Or is it, as you seem now to be suggesting, a question of attire: no one has any business speaking “numerically” unless they’re (metaphorically speaking) “wearing a lab coat”? That is, using numbers is a privilege reserved for scientists who’ve done specific kinds of calculations?
The way you put it, “scientists” sounds too exclusive. Carpenters, accountants, cashiers, etc. also use numbers and numerical calculations in valid ways. However, their use of numbers can ultimately be scrutinized and justified in similar ways as the scientific use of numbers (even if they themselves wouldn’t be up to that task), so with that qualification, my answer would be yes.

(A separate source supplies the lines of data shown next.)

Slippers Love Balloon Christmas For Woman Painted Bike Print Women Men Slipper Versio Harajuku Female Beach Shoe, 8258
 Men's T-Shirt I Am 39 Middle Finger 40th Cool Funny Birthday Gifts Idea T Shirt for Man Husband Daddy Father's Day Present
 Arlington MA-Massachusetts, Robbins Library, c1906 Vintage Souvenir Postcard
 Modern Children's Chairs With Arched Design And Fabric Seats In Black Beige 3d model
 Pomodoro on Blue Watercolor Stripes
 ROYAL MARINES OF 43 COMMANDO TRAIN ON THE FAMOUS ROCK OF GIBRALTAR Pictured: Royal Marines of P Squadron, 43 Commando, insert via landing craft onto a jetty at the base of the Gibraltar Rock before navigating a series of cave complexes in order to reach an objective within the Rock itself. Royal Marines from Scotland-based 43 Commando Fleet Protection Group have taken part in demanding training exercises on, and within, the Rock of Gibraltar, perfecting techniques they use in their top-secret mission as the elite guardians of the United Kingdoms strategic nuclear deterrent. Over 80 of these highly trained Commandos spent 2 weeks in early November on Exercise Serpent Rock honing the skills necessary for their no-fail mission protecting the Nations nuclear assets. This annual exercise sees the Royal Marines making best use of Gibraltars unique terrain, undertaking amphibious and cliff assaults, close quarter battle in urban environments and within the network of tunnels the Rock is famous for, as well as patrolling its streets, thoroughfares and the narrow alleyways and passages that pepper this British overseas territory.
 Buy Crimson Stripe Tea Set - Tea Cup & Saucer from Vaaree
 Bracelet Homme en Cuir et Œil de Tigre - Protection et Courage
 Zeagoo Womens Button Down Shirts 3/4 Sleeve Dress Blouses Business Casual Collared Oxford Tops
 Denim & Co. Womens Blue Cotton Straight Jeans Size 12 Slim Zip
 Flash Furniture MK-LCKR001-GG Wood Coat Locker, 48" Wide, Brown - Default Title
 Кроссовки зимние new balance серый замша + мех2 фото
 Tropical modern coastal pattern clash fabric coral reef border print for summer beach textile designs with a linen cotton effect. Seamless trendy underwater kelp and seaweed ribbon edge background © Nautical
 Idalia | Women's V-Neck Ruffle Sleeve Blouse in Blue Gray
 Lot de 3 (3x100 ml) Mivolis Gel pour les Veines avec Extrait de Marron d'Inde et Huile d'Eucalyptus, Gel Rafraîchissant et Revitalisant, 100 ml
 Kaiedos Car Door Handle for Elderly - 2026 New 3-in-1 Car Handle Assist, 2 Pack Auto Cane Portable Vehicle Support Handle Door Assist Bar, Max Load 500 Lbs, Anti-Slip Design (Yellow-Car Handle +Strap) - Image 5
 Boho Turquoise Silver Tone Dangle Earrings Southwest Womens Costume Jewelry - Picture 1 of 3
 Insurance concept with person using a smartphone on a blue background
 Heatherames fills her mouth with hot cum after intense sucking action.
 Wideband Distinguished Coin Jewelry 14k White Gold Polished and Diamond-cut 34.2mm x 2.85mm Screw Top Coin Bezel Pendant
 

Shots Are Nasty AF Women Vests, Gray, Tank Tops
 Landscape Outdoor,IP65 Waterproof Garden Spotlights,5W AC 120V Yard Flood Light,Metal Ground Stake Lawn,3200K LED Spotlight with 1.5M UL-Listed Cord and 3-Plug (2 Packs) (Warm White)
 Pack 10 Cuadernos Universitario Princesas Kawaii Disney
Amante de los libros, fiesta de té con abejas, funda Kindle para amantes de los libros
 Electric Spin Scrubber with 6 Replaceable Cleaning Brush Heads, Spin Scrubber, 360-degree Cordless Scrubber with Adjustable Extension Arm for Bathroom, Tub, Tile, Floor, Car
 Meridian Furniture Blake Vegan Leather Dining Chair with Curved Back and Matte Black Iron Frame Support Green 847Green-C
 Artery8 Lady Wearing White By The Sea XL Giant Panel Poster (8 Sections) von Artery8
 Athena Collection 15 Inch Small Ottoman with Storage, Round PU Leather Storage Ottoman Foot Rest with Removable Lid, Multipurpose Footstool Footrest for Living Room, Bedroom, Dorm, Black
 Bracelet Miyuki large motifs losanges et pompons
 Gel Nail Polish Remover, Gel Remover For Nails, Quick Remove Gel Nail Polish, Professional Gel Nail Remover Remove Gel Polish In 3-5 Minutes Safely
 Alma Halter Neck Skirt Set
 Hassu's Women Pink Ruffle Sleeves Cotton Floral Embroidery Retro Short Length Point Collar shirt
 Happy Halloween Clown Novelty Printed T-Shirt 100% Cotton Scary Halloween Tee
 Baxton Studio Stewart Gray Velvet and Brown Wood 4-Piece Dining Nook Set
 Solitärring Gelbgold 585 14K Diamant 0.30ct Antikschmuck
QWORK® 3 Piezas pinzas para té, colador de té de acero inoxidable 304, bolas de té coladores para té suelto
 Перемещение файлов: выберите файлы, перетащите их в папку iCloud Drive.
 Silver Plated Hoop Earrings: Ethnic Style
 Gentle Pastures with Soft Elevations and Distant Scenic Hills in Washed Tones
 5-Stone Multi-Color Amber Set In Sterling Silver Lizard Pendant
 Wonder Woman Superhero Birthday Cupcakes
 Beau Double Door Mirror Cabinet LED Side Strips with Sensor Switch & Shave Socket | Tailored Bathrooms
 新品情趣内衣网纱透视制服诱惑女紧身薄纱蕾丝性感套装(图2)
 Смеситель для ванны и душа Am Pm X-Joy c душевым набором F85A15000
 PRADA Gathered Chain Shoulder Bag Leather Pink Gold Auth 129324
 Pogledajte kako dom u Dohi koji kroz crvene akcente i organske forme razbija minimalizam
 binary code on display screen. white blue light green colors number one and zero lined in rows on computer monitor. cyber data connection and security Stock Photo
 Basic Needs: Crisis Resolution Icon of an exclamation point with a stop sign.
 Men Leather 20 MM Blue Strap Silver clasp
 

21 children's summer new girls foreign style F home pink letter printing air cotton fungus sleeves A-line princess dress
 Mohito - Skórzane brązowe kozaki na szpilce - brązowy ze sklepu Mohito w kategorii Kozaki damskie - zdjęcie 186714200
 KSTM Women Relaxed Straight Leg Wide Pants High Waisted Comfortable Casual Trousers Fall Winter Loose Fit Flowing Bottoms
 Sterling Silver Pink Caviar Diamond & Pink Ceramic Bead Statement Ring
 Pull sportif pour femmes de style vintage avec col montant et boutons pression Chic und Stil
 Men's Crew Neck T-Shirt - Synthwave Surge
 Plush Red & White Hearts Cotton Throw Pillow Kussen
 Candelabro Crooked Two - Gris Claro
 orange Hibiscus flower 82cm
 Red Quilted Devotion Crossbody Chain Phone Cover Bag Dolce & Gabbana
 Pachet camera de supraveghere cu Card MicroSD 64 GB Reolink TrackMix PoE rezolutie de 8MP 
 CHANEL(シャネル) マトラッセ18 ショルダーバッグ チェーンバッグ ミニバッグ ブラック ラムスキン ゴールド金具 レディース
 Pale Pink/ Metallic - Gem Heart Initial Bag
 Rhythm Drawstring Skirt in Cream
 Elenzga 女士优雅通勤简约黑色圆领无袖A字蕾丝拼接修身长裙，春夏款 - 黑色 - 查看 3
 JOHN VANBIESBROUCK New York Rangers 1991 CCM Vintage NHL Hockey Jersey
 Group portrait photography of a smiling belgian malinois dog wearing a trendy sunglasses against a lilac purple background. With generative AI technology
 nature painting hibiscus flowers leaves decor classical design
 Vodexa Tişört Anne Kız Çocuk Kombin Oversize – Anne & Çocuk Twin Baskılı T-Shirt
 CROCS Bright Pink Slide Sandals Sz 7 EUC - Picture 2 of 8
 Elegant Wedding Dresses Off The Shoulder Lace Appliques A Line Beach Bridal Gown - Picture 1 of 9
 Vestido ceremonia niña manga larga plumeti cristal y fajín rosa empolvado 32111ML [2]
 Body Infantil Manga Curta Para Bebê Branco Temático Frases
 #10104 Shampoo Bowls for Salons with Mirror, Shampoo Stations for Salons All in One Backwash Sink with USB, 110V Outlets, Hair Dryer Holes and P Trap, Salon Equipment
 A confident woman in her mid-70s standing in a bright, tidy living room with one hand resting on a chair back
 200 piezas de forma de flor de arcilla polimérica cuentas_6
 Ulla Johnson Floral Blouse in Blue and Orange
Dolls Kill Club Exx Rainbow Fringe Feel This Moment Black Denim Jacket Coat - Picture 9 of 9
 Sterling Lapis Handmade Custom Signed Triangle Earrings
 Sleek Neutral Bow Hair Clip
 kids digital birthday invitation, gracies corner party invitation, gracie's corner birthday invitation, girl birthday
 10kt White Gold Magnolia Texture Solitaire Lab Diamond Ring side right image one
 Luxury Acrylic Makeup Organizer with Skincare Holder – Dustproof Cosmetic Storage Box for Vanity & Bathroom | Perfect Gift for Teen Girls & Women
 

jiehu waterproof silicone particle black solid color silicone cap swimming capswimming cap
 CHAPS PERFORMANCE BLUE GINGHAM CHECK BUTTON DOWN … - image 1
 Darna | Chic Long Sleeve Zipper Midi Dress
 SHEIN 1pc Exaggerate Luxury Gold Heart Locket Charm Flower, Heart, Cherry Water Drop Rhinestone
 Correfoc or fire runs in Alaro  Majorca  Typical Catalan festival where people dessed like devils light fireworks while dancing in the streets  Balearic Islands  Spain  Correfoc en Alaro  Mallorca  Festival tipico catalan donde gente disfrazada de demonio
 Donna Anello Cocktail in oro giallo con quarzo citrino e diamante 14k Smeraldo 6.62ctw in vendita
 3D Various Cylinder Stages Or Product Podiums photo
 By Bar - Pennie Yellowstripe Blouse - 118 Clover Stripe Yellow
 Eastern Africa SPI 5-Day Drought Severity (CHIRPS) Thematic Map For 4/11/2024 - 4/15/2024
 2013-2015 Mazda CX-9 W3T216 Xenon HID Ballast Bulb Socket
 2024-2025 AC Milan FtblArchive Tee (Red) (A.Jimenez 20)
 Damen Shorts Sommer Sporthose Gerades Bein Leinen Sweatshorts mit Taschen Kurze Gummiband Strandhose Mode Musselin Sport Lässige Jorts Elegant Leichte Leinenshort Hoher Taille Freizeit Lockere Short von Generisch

(And unfortunately, in practice it’s not at all rare to see people using numbers in ways that are fundamentally unsound, which sometimes gives rise to whole edifices of pseudoscience. I discussed one such example from economics in this thread.)
Now, you say:
It seems to me that the contrast you are positing between “numerical” statements and other indications of degree is illusory. The only difference is that numbers permit an arbitrarily high level of precision; their use doesn’t automatically imply a particular level. Even in the context of scientific calculations, the numbers involved are subject to some particular level of uncertainty. When a scientist makes a calculation to 15 decimal places, they shouldn’t be interpreted as distinguishing between different 20-decimal-digit numbers.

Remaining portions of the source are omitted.